I am a final year sports biomechanics PhD student and ISEA granted me a £500 student engagement award which helped me to travel to Auckland, New Zealand to present at the International Society of Biomechanics in Sports Conference 2018. I was shortlisted for the New Investigator Award and as such had to present in the main lecture hall to a panel of judges. This was a great experience for me to showcase my research and get feedback from other sports biomechanics researchers.
There were some very thought provoking and engaging keynote presentations, in particular Sophia Nymphius from Edith Cowan University who presented ‘re-evaluating what the know about female athletes in biomechanics research: across the continuum from capacity to skill.’ The main idea of her talk was that most of the mechanical gender differences found by numerous studies can be traced back to strength or training experience, and in papers where these have been normalised or matched, often there are no mechanical differences between men and women. There were some interesting presentations on Artificial Intelligence and machine learning and their applications to biomechanics. These methods have the potential to allow collection of more and detailed biomechanical data in-situ and in a much larger capture volume than with traditional marker-based systems. This is particularly relevant to my research as we try to move to more field-based measurement of biomechanical variables, and my presentation highlighted that we need to measure biomechanics of sporting movement in a representative environment.

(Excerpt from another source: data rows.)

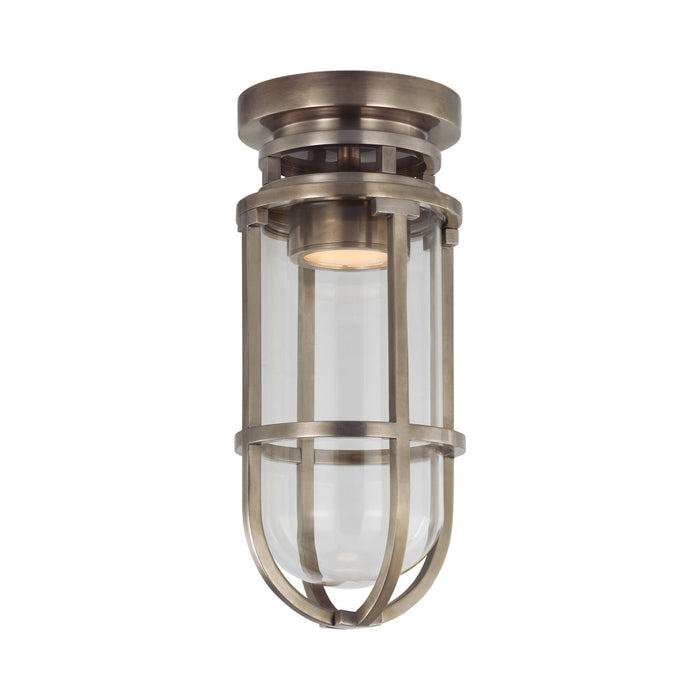 Gracie LED Flush Mount Ceiling Light in Antique Nickel/Clear.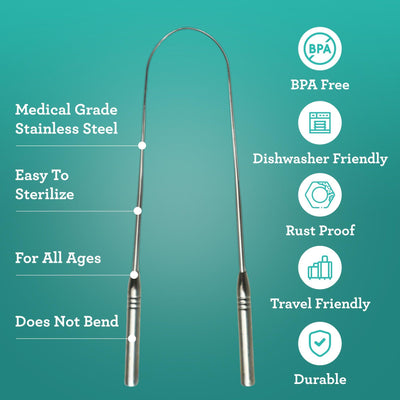 U Shaped Stainless Steel Tongue Scraper – 2 Pack U Shaped Stainless Steel Tongue Scraper – 2 Pack
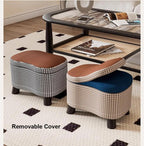 Storage Ottoman with Removable Cover,Soft Foot Rest Stool Upholstered Padded Seat with Large Storage Space,Shoes Changing Stool for Living Room Entryway (Beige)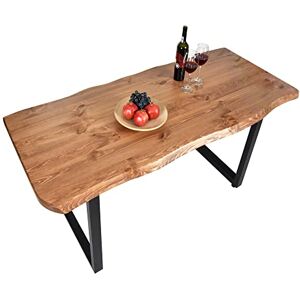 Gozos Scots Pine Table à Manger en Bois Massif, Table Fait Main de Cuisine et de Salon en Bois de Pin Massif avec U-Pieds en Métal Laqué, 40 mm d'épaisseur, 6-8 Personnes, 180 x 90 cm - Publicité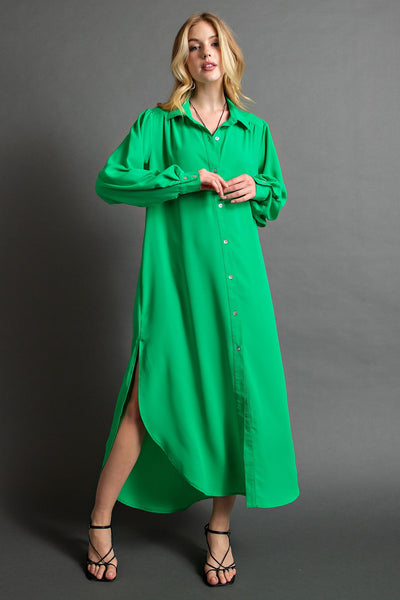 Found My Forever Button Down Wool Dobby Dress in Kelly Green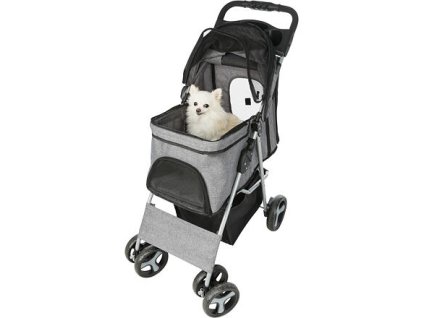 Dog stroller BUGGY, quick-folding, 47 x 100 x 80 cm, load capacity up to 15 kg, gray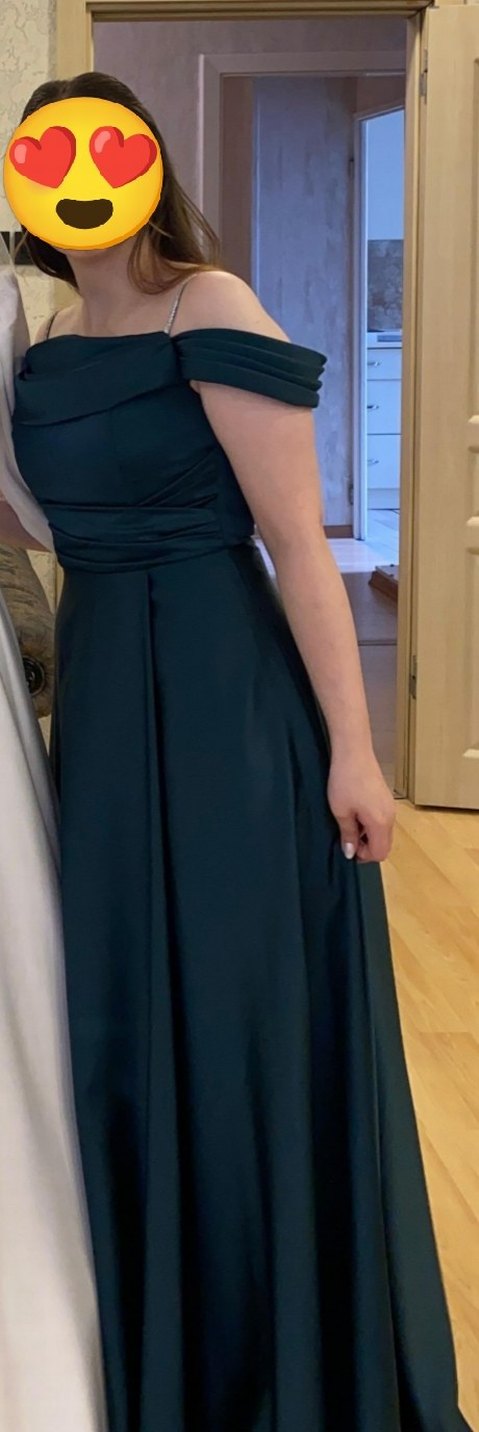 zümrüt yeşili saten abiye elbise - Görsel 2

While attending the conference I was able me to network with biomechanics researchers from around the world. We had a visit to AUT Millennium which is a high-performance centre and where sports science research and applied support to the NZ team is undertaken. We had some practical demonstrations of the equipment at the centre.
I would like to thank the ISEA for awarding me this grant, as the experience was very valuable in my progression as a researcher and to my PhD.